ADHOC: Amazon plus Shop-Apotheke: Was würde das für den Markt bedeuten?
KASKE: Ganz einfach: Die zwei potentesten Player des Marktes würden auf einen Schlag zusammenkommen. Amazon ist mit 44 Millionen Kunden hierzulande die Nummer 1, dazu müssen Sie das Potenzial von Shop-Apotheke addieren. Das wäre der Hammer.
ADHOC: Heißt?
KASKE: Wir sehen schon jetzt, dass Shop-Apotheke und DocMorris durch die Decke gehen. Diese beiden führenden Versender haben nicht nur in Media investiert, sondern auch ihre Preise auf das Niveau der Billiganbieter gesenkt. Die kleinen Player haben dem nichts, absolut gar nichts entgegenzusetzen. Die führenden deutschen Versender – Medikamente-per-Klick, Medpex, Apotal – haben die Basis und das Kapital, um ihren Umsatz zumindest zu halten. Wenn nun derjenige, den alle fürchten, mit demjenigen, der allen den Umsatz wegnimmt, zusammengeht, haben alle anderen haben ein massives Problem.

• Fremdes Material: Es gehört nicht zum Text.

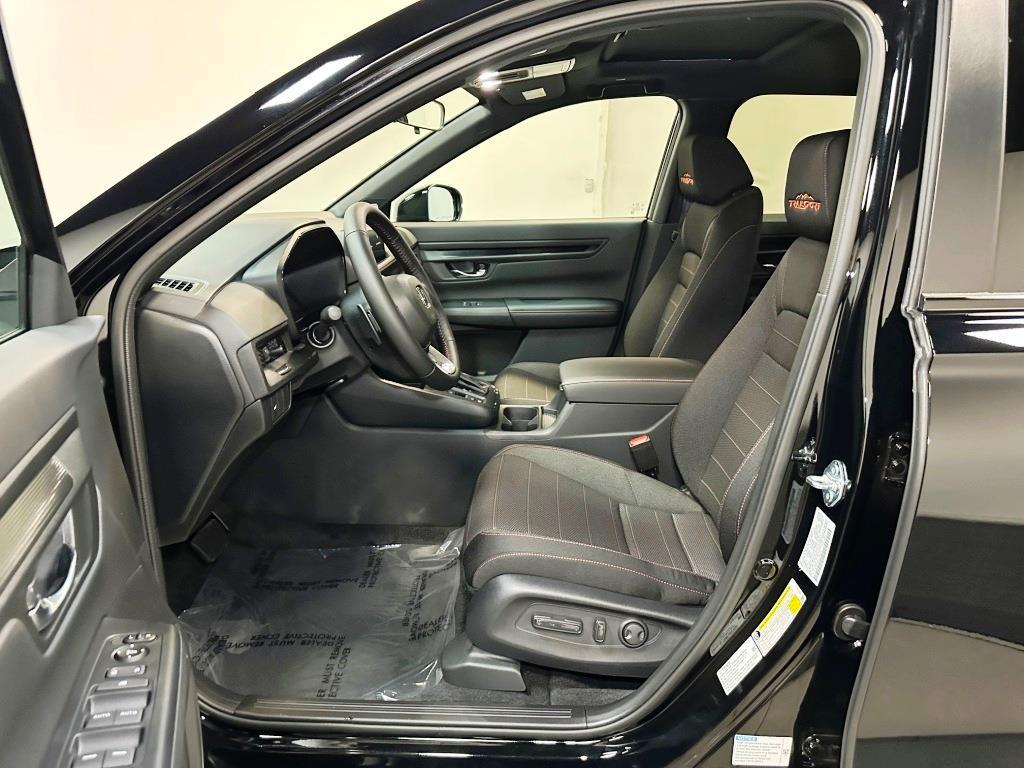 2026 Honda CR-V Hybrid TrailSport - Crystal Black Pearl exterior view 13
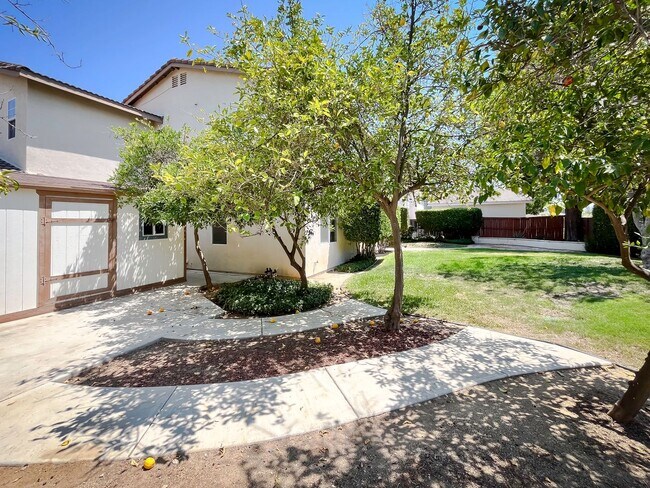 Building Photo - MUST SEE! Beautiful 3 bedroom + Loft + Office Space (or convert to 4th bedroom) + Large Backyard ...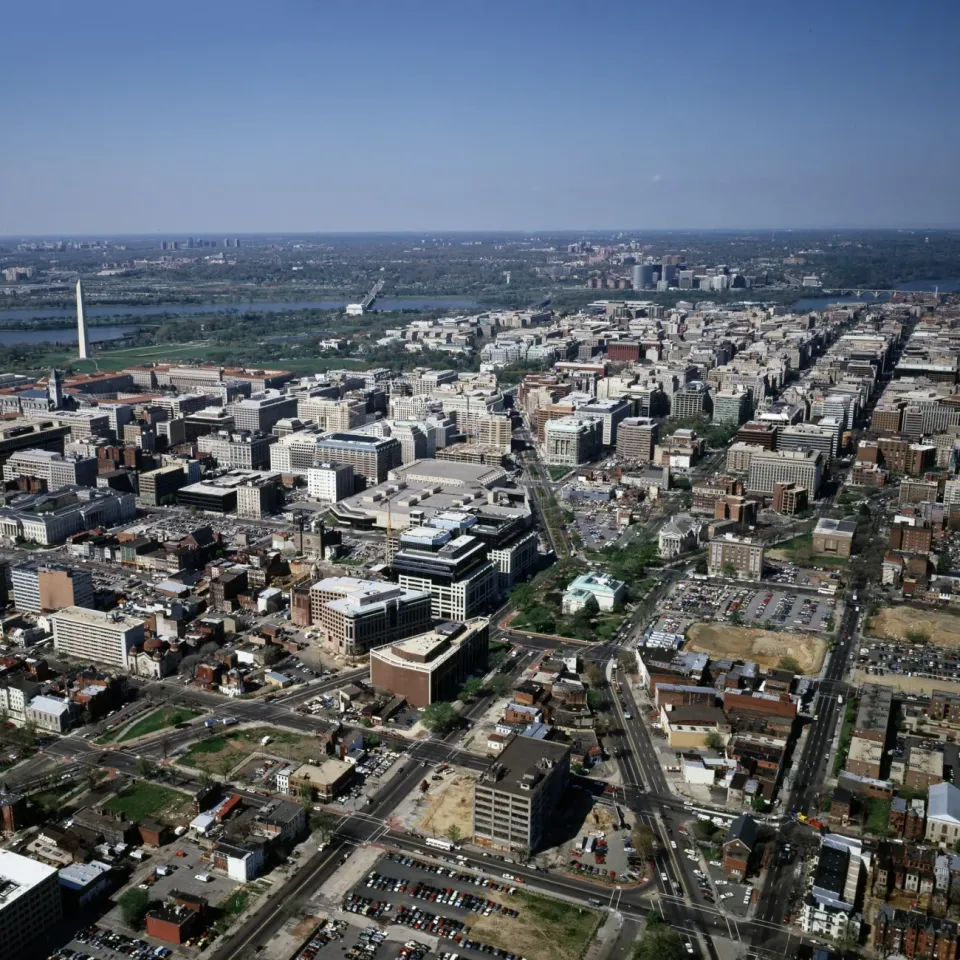 Washington, D.C. reference photograph used to illustrate visible feature interpretation.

ADHOC: Wer wäre zuerst betroffen?
KASKE: Man muss sich große Sorgen machen um die Versandapotheken, die mittendrin agieren. Aber auch die Hersteller klagen schon heute über die Verdichtung der Strukturen. Am Ende wäre die gesamte Branche betroffen. Ganz klar: Wenn Amazon in den Markt kommt, wird sich die Entwicklung um einige Jahre beschleunigen.
ADHOC: Warum der Apothekenmarkt?
KASKE: Weil er immer noch extrem fragmentiert ist. Shop-Apotheke hat einen Marktanteil von 14 Prozent unter den Versendern. In anderen Branchen kommt der Primus jeweils auf mehr als 50 Prozent. Bislang ergibt es für die Industrie Sinn, mit 15 bis 20 Versendern über Werbekostenzuschüsse zu sprechen. Das könnte schon bald vorbei sein.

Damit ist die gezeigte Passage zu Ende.